A logical Math question and am bruding too much over it.Help

[Vishalrox]

Given a,b,c>0 satisfying a^2+b^2+c^2=2; find the maximum value of
(a^5+b^5)(b^5+c^5)(c^5+a^5)

Note : Do not use calculus...use AM-GM or anything...

 

[HallsofIvy]

So you post a question in "Linear and Abstract Algebra" that has nothing to do with either Linear Algebra or Abstract Algebra and challenge us to answer it without using anything? Sort of a Zen thing- the only correct response is to delete this thread!

 

[spamiam]

From what I understood, he meant don't use calculus, but we may use AM-GM or anything else. I admit, I would probably solve this using Lagrange multipliers if he hadn't said that...

 

[HallsofIvy]

Yes, I see that now. So instead of deleting, I will move it to "General Mathematics".

 

[mathman]

Given a,b,c>0 satisfying a^2+b^2+c^2=2; find the maximum value of
(a^5+b^5)(b^5+c^5)(c^5+a^5)

Note : Do not use calculus...use AM-GM or anything...
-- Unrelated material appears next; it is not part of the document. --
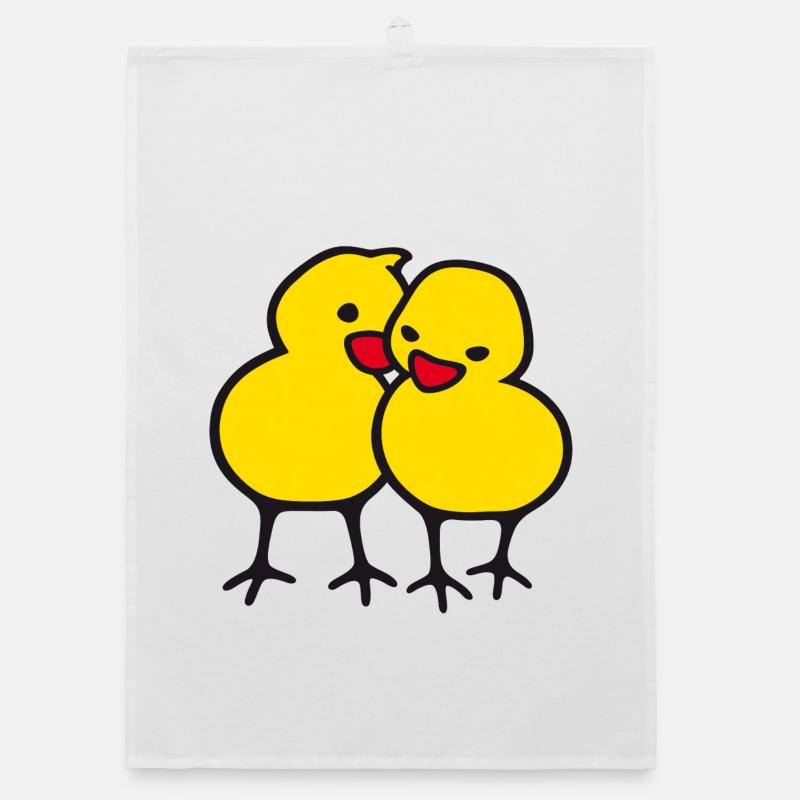Chicks in Love (a) Organic Geschirrtuch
I haven't solved it directly, but from past experience with questions like this, there are most likely two possibilities: (1) a=b=c, (2) two of the unknowns are 0.

 

[SteveL27]

I haven't solved it directly, but from past experience with questions like this, there are most likely two possibilities: (1) a=b=c, (2) two of the unknowns are 0.
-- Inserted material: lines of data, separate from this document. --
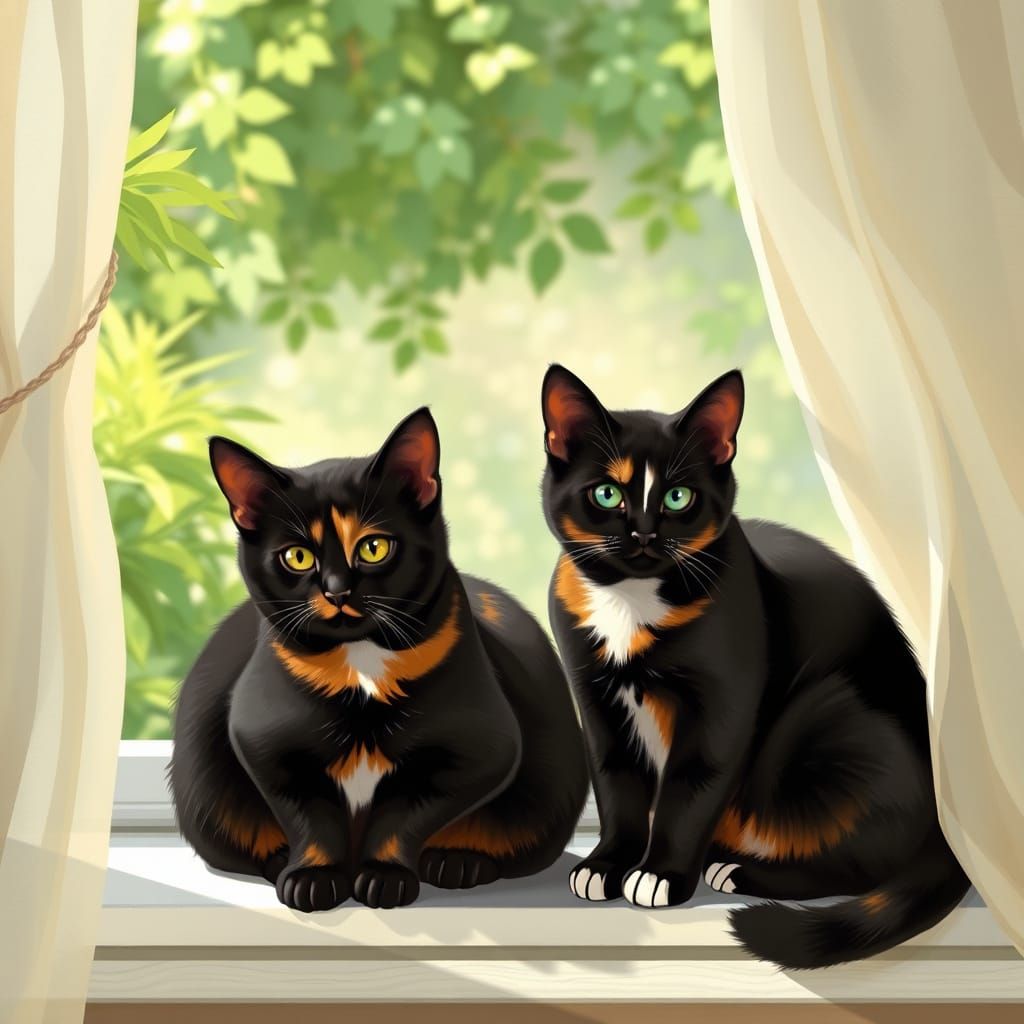 Whimsical Calico Cats Adorn a Sunlit Windowsill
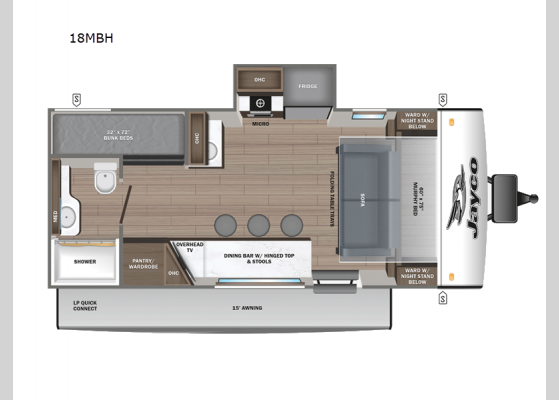 Floorplan - 2025 Jay Feather Air 18MBH Travel Trailer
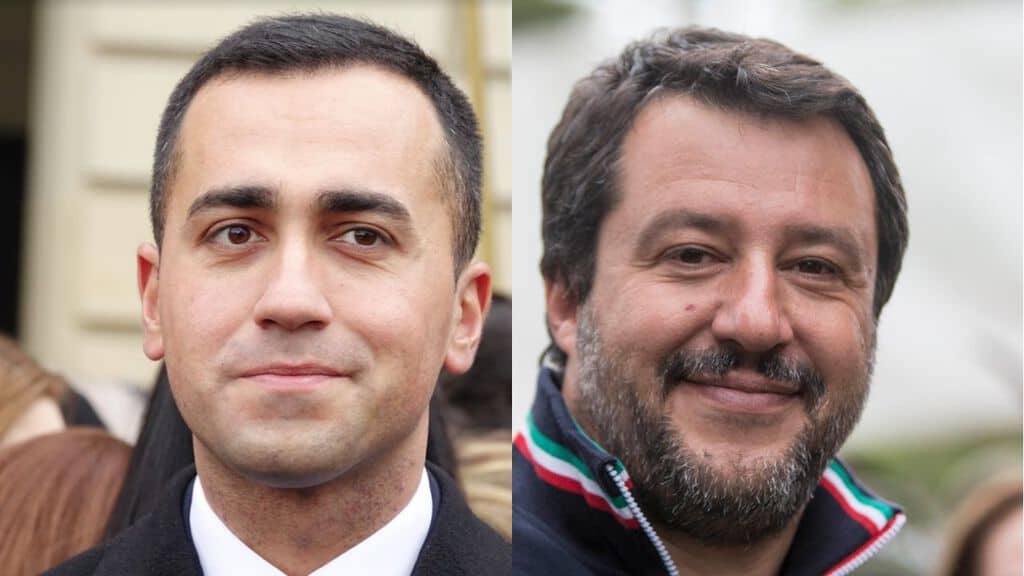 primi piani di luigi di maio matteo salvini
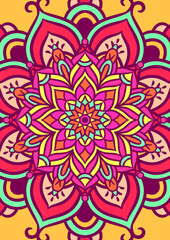Ethnic Mandala Round Ornament Pattern With Colorful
Two of the unknowns can't be 0, because then the product of the three expressions would be 0.

On the other hand if you take $a = b = c = \frac{\sqrt{2}}{\sqrt{3}}$, then

$(a^5+b^5)(b^5+c^5)(c^5+a^5)$

$= (2 (\frac{\sqrt{2}}{\sqrt{3}})^5)^3$

$= 8 (\frac{\sqrt{2}}{\sqrt{3}})^{15} = 8 (\frac{2}{3})^7 (\frac{\sqrt{2}}{\sqrt{3}}) > 0$

Can anyone show that this is the max?

(edit)
Hmmm, doesn't look like that's max. If you take

a = b = 1, c = 0

then the product is (1+1)(1+0)(0+1) = 2, and that's greater than what I got above for a = b = c. ((2/3)^7 is way less than 1/8). Unless I made an algebra mistake, a = b = c is not the max.

 

[SpectraCat]

Two of the unknowns can't be 0, because then the product of the three expressions would be 0.
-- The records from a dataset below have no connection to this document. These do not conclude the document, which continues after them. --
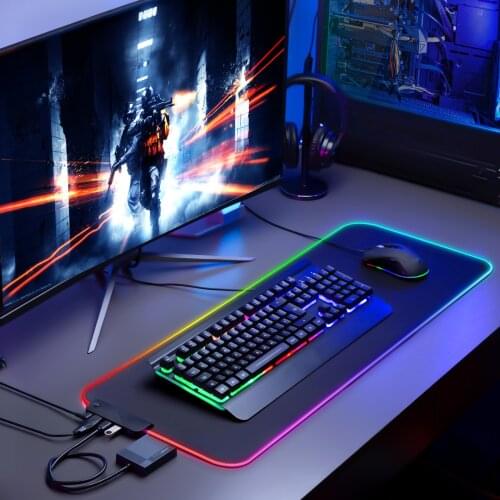 Mairuige DIY RGB 4-Port USB Hub LED Large Size Mousepad Customized Personalized LED Illuminated Mouse Pad XL Csgo Gamer Mousepad
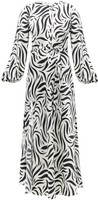 Thumbnail for your product : Issimo X Loretta Caponi - Belted Zebra-print Silk-charmeuse Dress - Animal
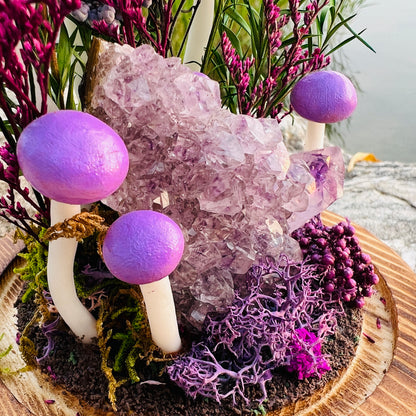 Mystic Grove: Natural Amethyst Raw Cluster & Purple Fairy Mushroom Night Light | Handmade Crystal Mushroom Lamp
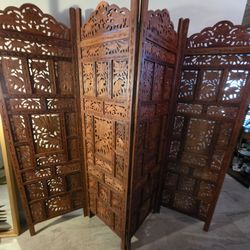 Hand-Carved Wooden Room Divider Screen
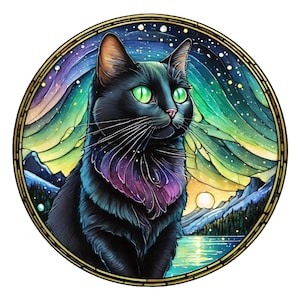 2 adesivi in vinile personalizzabili per esterni con gatto in vetro colorato e Aurora Boreale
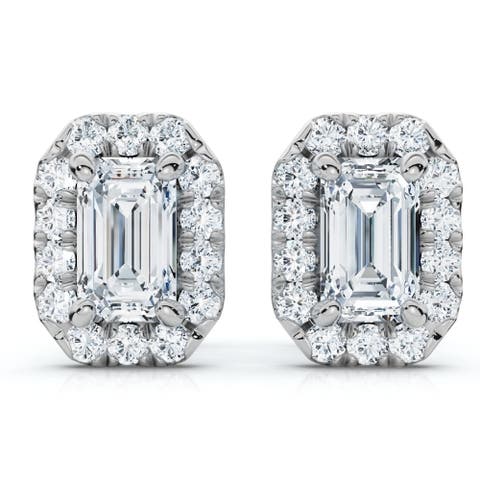 3/4 Ct Emerald Moissanite & Lab Grown Diamond Halo Studs 14k Gold Earrings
On the other hand if you take $a = b = c = \frac{\sqrt{2}}{\sqrt{3}}$, then

$(a^5+b^5)(b^5+c^5)(c^5+a^5)$

$= (2 (\frac{\sqrt{2}}{\sqrt{3}})^5)^3$

$= 8 (\frac{\sqrt{2}}{\sqrt{3}})^{15} = 8 (\frac{2}{3})^7 (\frac{\sqrt{2}}{\sqrt{3}}) > 0$

Can anyone show that this is the max?

(edit)
Hmmm, doesn't look like that's max. If you take

a = b = 1, c = 0

then the product is 2 * 1 * 1 = 2, and that's greater than what I got above for a = b = c. ((2/3)^7 is way less than 1/8). Unless I made an algebra mistake, a = b = c is not the max.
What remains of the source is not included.